After a burst of enthusiasm to get out in the garden on New Year’s Day my excitement had been dampened down by the snow and cold. February is always a turning point in the gardening year for me. Slowly there are signs of Spring. Daylight hours are beginning to get longer and the first flowers of the year are emerging from the frozen earth. I spotted a couple of blue tits checking out our nest box the other day.
One of my favourite flowers are snowdrops. They aren’t fancy or frilly and don’t shout from the roof tops `Look at me!’ like the cheerful yellow daffodil. However snowdrops are the first brave flowers to emerge when the February Chill keeps me inside. This months Gardeners World Magazine describes the pleasure of seeing `snowdrops washing gloriously through the Winter woods – the pleasure is in the sheer mass of white flowers, rather than the detail.’ I must admit my snowdrops are disappointing. Although I tried to plant a clump of them underneath the apple tree, the bulbs seem to have been eaten by the rather greedy squirrels which visit our garden mistaking them for nuts. We do have the odd lonely sporadic snowdrop but they are scattered across the beds and couldn’t be described as drifts unlike the glorious display in Dorchester Abbey grounds.
I can’t decide whether to try grow more snowdrops next year or simply to give into the squirrels and enjoy them in the wild.
When other plants are trying to hide under the cover of the earth I am always amazed by my beautiful hellebores (sometimes known as Christmas or Lenten Rose). I have several varieties of hellebore that are blooming marvellously in my garden. Hellebores do seem at odds with nature as they are so pretty and are quite happy surviving in harsh cold frosty conditions. Hellebores can have single or double flowers and come in shades of white, red, pink or green and some have plum spotted throats. I have four varieties in bloom at the moment.
Helleborus Orientalis `Double Queen’ is a frilly double form of Lenten Rose which I obtained from Nottcutts Garden Centre.
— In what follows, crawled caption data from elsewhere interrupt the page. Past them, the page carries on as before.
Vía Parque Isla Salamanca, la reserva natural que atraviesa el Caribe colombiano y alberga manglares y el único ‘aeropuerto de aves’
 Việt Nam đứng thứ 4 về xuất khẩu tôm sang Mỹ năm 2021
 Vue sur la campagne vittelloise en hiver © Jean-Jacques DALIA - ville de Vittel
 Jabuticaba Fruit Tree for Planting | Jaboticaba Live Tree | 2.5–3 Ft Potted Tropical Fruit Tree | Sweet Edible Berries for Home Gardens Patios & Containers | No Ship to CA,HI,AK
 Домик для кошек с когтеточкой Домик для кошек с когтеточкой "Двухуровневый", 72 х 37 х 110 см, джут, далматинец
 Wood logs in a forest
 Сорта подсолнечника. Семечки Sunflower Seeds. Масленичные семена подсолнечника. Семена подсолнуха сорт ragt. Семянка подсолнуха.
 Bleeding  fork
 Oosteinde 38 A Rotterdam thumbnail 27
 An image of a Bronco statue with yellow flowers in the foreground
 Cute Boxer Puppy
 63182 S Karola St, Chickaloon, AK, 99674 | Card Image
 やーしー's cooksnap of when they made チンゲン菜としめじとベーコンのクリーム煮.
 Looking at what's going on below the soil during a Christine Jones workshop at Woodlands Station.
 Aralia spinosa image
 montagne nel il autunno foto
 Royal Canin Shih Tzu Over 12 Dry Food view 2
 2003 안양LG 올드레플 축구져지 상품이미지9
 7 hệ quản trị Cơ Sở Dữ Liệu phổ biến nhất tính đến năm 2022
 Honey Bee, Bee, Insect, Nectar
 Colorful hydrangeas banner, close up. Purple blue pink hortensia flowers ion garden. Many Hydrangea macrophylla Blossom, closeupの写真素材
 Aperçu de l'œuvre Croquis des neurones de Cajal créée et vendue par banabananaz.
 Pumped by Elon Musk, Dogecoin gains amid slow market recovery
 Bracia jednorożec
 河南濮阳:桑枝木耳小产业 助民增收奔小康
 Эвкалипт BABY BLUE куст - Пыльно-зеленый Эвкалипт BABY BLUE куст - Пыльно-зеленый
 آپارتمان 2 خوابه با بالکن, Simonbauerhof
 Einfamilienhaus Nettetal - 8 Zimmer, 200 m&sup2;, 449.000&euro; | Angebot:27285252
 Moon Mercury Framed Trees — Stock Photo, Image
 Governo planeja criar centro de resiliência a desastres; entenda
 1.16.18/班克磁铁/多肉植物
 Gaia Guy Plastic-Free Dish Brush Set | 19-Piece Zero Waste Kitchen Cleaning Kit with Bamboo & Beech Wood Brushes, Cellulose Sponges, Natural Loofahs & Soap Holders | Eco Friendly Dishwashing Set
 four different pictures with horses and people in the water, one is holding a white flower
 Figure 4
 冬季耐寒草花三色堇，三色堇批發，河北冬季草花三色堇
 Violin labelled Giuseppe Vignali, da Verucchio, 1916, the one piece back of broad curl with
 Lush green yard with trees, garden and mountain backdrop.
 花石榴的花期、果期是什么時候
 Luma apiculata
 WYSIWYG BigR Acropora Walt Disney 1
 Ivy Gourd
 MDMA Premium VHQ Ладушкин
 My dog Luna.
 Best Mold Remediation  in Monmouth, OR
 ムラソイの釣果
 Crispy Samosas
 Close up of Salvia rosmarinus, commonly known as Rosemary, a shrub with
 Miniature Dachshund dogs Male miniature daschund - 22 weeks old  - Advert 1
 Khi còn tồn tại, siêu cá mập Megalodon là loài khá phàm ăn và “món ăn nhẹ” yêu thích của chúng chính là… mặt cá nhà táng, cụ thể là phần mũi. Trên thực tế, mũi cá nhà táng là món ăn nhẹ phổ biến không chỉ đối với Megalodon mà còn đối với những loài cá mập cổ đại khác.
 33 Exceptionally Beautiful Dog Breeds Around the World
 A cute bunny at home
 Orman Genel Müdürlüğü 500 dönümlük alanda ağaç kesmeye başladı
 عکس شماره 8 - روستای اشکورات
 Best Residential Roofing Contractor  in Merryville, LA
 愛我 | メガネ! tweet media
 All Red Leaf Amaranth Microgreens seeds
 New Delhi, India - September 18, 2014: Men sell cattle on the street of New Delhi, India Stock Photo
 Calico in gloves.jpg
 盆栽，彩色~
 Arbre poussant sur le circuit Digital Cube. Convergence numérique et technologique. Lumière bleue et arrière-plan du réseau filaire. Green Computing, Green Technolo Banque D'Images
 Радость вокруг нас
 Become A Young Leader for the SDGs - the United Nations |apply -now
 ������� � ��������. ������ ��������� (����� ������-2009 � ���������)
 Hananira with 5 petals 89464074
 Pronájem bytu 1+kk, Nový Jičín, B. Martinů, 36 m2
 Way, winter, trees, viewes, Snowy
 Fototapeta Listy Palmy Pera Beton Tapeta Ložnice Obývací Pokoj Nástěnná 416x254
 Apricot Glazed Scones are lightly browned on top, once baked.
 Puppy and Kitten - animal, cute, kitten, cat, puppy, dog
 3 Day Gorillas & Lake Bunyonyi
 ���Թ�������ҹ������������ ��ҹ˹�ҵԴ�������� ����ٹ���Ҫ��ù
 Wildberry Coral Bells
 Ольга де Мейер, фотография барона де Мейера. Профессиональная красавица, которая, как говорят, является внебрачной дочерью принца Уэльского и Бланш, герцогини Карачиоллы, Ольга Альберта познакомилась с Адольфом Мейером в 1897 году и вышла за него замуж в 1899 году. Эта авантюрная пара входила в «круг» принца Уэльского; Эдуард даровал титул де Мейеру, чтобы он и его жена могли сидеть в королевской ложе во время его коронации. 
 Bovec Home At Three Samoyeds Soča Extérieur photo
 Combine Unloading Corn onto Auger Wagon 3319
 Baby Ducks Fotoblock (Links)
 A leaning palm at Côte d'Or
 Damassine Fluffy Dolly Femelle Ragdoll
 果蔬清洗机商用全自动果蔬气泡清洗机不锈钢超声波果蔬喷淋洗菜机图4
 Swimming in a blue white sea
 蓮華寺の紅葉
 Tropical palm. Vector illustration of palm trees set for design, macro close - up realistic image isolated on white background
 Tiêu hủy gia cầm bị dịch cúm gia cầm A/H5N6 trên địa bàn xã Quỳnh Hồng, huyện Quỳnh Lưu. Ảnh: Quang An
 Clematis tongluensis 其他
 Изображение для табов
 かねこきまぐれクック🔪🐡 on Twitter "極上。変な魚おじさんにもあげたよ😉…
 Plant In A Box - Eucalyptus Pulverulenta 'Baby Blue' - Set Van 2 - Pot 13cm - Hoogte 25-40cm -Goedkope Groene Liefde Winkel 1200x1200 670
The other white blooms I have are from Helleborus x ericsmithii `Winter Moonbeam’. Helleborus x ericsmithii is a hybrid between the sub alpine Helleborus niger and a hybrid ( x sternii) both of which parents are from Mediterranean Islands, but the mix is one of the best of all Hellebores. Winter Moonbeam has attractive marbled leaves with pure single white blooms flushed with pink held clear above the foliage on red stems. I have two other varieties of Hellebore in bloom in my garden. One delightful flower is Helleborus Orientalis Tutu – a rare double pleated Hellebore which looks like a pretty pinky purple ballerina’s tutu.
Hellebore Orientalis Tutu
The last variety of Hellebore in my garden has lost it’s label so I would welcome verification of it’s name from any Hellebore expert!
I grow a lot of classic cottage garden flowers including our native wild flowers. As February is progressing I have a good show of native primroses in the garden – primula vulgaris. The garden centres are full of brash polyanthus and primroses in bold, vibrant colours at the moment. They are fine in a colourful display in pots by the front door, however I prefer the pretty pale yellow flowers of our native primrose. The primrose is another flower which symbolises to me that Spring is on its way. My Uncle picked a small bunch of primroses from the woods for my mum when she was born in March. We often remember her birthday with a woodland walk. Apart from the native primrose I have another variety in bloom in the garden called `Emily’ which is a similar yellow colour.
I do have a slightly more ornate primula Polyanthus `Gold Laced’ although I still think she is a delicate beauty.
Dotted amongst the primroses in my garden are violets, which are also a native woodland plant.
It’s lovely seeing all the signs of Spring in my garden. Next month I will be getting busy. I have started off my seed potatoes chitting and it will soon be time to start sowing seeds in the greenhouse. I look forward to sharing more pictures of my emerging garden.